Nessun pericolo per la popolazione, afferma la polizia. Massiccia mobilitazione delle forze dell’ordine dopo gli spari all’ippodromo di Schachen

Gli autori della sparatoria avvenuta durante il rave party di Aarau non si troverebbero più nella zona. Lo ha dichiarato il portavoce della polizia Bernhard Graser durante un incontro con i media ad Aarau, precisando che non ci sono pericoli per la popolazione.
Dopo l'allarme, la polizia ha mobilitato immediatamente tutte le unità disponibili.

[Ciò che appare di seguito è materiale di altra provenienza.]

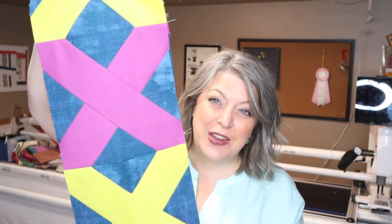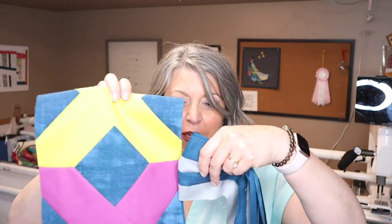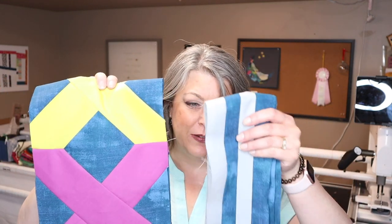Different blocks are going to look totally different in that layout, but something simple and striking is a lot of fun to make. The other one I've made is with a cushion block, and I'm using similar colors so they kind of coordinate. This one will get a stripe surround — a border around it.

Da circa dodici ore, praticamente tutto il personale della polizia argoviese è impegnato nell'operazione. Anche altri Cantoni hanno messo a disposizione propri agenti.
L'ippodromo dello Schachen resta transennato per consentire agli inquirenti di effettuare i rilievi sulla scena del crimine, non per la presenza di un pericolo ancora attuale.
Le indagini proseguono per chiarire l'esatta dinamica dei fatti. Gli investigatori stanno inoltre cercando di stabilire quanti siano gli autori degli spari. Secondo la polizia, durante la sparatoria sarebbe stato esploso "un numero consistente di colpi".
Dopo gli spari, i partecipanti al rave party ancora presenti sono stati riuniti in una palestra e interrogati. Si tratta di poco più di cento persone. Secondo Graser, la misura rientra nelle procedure adottate dalla polizia in situazioni di questo tipo.
L'identità della vittima è stata accertata. Per rispetto nei confronti dei familiari, tuttavia, non vengono forniti ulteriori dettagli, ha precisato Graser. Secondo l’agenzia Ansa, si tratterebbe di una 22enne italiana. Altre cinque persone sono rimaste ferite, alcune in modo grave. Aggiornamenti sono attesi per le 17.30, quando la polizia terrà una nuova conferenza stampa.